I understand that a lot of parents spell names in a way that is supposed to make them easier to pronounce, or to spell the name like it actually sounds (phonetics), but sometimes the end result is even more confusing. Here are a few examples, but know that there are so many more.

Bradyn #815 Unlike Brayden, #37, Bradyn would sound more like Brad-in, as in Bradley. Without that y after the first three letters, it’s not as intended.
Izayah #816 With the real name Isaiah being spelled with an S, not to mention how easily recognizable Isaiah is, there’s really no need to spell it like this. It comes across sounding more like Iz-ah-yah.
Aaden #797 Why it was necessary to spell it like Aaron, I do not know, considering how hugely popular Aiden is. Then again, there’s Ayden, Aden, Aidyn and Aidan, so why not? Oh, right, because it’s not Aaron.

So, folks, my suggestion is to edit your baby names like you would edit a professional paper, the first step being spelling, the second being comprehension.
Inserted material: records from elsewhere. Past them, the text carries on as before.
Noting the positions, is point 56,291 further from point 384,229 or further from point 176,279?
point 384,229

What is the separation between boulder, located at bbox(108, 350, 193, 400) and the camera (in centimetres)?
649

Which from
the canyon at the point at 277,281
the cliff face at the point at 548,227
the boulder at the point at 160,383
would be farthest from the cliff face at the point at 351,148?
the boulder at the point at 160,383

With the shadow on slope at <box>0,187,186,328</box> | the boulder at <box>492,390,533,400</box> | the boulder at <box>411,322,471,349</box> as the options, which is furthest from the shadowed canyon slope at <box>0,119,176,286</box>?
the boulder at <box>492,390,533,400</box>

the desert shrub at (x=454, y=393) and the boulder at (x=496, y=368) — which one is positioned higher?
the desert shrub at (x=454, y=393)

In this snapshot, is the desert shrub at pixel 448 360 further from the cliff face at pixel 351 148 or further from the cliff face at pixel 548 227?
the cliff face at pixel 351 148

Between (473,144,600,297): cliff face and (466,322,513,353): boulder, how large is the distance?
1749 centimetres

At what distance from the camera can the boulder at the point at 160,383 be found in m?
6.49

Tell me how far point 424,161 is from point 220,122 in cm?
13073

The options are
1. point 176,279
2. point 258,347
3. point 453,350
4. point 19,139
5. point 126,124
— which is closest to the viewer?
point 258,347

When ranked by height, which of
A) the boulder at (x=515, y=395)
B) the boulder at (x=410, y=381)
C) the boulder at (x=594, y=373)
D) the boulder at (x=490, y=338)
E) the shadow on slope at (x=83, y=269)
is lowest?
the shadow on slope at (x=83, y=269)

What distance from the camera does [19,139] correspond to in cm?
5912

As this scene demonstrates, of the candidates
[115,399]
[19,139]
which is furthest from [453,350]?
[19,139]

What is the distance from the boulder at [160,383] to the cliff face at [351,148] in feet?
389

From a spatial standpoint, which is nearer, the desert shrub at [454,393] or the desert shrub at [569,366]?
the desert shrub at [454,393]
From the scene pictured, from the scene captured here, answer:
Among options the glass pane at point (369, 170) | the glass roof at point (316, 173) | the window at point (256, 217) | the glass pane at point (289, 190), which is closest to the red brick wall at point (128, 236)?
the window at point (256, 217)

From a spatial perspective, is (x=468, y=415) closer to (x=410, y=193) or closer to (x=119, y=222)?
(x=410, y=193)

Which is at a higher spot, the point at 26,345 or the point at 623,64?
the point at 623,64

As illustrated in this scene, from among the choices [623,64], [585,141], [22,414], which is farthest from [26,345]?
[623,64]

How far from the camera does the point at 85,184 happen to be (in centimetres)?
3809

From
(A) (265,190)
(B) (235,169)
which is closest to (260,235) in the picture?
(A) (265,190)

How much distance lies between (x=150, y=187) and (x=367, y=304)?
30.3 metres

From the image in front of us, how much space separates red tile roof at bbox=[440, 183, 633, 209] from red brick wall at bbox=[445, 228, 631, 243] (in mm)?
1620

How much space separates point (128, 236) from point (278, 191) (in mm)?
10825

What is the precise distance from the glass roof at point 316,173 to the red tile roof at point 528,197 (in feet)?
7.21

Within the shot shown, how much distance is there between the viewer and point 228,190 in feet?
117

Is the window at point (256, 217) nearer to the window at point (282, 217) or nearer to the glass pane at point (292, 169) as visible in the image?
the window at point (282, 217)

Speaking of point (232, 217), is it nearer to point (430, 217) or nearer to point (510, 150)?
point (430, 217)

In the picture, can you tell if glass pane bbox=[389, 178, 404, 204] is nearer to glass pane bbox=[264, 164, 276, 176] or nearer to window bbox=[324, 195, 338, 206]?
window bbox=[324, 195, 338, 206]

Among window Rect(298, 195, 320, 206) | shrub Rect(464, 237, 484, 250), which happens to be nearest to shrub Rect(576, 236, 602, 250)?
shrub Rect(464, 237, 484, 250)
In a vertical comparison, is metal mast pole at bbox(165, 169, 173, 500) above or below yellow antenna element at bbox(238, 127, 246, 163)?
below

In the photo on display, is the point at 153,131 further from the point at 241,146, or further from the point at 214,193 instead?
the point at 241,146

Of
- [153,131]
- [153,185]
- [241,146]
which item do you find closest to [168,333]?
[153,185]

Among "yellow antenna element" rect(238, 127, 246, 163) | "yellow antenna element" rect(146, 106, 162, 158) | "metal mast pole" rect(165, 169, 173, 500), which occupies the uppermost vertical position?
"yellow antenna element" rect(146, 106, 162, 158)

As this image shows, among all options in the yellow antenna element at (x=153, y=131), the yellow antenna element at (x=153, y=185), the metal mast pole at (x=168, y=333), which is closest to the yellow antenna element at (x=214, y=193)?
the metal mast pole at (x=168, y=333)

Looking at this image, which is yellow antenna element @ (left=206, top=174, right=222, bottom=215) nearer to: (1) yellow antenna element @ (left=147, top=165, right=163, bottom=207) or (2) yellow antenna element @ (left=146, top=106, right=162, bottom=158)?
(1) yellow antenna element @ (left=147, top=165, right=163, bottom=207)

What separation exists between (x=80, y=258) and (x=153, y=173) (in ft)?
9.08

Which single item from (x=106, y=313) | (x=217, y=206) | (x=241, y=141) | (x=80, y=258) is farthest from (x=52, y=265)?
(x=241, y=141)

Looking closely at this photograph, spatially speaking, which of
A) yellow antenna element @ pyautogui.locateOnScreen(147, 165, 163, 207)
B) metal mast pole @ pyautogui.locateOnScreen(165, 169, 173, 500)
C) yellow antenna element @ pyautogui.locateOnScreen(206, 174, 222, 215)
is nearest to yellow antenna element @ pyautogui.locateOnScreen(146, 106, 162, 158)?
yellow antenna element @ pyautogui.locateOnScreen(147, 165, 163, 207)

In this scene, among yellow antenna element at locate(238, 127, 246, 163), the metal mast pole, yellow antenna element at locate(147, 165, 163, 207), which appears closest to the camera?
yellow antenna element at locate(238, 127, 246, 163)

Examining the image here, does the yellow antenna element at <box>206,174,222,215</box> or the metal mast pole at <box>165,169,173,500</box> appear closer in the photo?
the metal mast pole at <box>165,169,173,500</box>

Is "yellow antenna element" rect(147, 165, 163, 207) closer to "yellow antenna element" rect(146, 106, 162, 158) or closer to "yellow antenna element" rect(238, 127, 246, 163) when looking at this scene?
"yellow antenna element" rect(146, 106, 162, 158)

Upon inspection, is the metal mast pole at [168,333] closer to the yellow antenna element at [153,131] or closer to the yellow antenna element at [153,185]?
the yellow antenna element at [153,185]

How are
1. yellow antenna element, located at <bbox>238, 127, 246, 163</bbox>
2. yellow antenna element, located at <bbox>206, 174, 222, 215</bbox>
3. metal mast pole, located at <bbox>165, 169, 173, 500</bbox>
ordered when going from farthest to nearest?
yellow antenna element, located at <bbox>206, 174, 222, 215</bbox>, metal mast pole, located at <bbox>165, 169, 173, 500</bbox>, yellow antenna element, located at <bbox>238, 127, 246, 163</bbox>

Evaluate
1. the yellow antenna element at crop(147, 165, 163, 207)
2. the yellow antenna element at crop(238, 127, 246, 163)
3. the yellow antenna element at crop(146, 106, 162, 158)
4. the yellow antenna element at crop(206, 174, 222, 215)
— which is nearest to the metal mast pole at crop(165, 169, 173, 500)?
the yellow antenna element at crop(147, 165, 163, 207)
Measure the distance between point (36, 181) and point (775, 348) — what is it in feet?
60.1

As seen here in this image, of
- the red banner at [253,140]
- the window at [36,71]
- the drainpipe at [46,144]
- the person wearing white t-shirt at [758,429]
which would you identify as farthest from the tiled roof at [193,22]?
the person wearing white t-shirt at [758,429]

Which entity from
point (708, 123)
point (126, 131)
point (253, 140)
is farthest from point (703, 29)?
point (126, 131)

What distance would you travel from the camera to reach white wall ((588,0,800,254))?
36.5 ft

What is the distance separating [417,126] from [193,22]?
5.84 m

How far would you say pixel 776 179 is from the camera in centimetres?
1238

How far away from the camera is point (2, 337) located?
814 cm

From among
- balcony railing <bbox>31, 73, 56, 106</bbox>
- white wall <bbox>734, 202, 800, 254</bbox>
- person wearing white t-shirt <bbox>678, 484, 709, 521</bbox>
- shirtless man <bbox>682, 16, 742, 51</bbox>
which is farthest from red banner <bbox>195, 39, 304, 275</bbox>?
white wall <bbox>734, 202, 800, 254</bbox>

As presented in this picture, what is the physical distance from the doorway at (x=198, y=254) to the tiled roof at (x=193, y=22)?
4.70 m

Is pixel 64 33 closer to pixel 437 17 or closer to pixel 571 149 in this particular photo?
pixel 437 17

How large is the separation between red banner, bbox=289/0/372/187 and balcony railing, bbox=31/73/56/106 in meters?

Would you turn in a paper to your boss that only had phonetics? No. Would your college professor give you a perfect score if he couldn't understand your paper? No. I understand naming a baby is not equal to writing a polished report, but it is similar. You want the finished, polished paper (baby name) you share with those who read (hear/see) it to be understood and well liked. I'm not saying everyone will like your paper (baby name), but at least they will be able to digest it without having issues.